START THE RECORDS

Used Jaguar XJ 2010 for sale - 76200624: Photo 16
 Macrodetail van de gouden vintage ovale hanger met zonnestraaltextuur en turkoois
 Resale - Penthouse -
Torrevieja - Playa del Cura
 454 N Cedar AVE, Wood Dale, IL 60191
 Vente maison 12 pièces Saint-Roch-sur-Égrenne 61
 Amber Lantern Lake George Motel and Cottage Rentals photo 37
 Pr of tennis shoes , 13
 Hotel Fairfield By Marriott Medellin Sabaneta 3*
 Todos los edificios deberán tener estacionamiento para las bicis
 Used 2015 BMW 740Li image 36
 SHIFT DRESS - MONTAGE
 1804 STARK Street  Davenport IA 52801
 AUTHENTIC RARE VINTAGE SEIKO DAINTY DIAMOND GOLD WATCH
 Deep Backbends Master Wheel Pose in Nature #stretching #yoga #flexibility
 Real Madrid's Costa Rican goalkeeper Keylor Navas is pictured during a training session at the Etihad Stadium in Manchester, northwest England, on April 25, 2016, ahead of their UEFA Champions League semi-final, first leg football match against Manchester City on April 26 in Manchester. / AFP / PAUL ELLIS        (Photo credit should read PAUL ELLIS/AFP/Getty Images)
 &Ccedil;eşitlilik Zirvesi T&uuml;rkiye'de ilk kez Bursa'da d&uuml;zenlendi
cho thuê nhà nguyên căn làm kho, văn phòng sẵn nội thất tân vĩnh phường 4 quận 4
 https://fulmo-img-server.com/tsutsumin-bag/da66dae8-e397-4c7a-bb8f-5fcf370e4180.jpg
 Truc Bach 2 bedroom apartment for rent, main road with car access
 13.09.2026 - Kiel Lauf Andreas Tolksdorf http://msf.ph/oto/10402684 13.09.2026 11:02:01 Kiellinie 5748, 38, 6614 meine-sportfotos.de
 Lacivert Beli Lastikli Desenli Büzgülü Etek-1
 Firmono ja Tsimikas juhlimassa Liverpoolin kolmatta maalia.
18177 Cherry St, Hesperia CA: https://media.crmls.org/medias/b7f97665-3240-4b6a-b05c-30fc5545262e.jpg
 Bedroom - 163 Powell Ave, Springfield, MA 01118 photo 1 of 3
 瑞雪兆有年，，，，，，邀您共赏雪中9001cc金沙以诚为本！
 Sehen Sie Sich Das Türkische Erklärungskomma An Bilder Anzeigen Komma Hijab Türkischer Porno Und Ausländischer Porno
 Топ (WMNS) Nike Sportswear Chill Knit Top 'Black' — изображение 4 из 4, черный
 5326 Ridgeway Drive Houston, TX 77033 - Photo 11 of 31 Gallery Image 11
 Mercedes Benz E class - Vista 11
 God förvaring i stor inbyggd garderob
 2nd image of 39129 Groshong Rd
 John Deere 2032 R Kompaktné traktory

END THE RECORDS

Print exactly the lines between the line with "18177 Cherry St, Hesperia" and the final line of the records above, both included.

*SOLUTION TO THIS TASK*:
18177 Cherry St, Hesperia CA: https://media.crmls.org/medias/b7f97665-3240-4b6a-b05c-30fc5545262e.jpg
 Bedroom - 163 Powell Ave, Springfield, MA 01118 photo 1 of 3
 瑞雪兆有年，，，，，，邀您共赏雪中9001cc金沙以诚为本！
 Sehen Sie Sich Das Türkische Erklärungskomma An Bilder Anzeigen Komma Hijab Türkischer Porno Und Ausländischer Porno
 Топ (WMNS) Nike Sportswear Chill Knit Top 'Black' — изображение 4 из 4, черный
 5326 Ridgeway Drive Houston, TX 77033 - Photo 11 of 31 Gallery Image 11
 Mercedes Benz E class - Vista 11
 God förvaring i stor inbyggd garderob
 2nd image of 39129 Groshong Rd
 John Deere 2032 R Kompaktné traktory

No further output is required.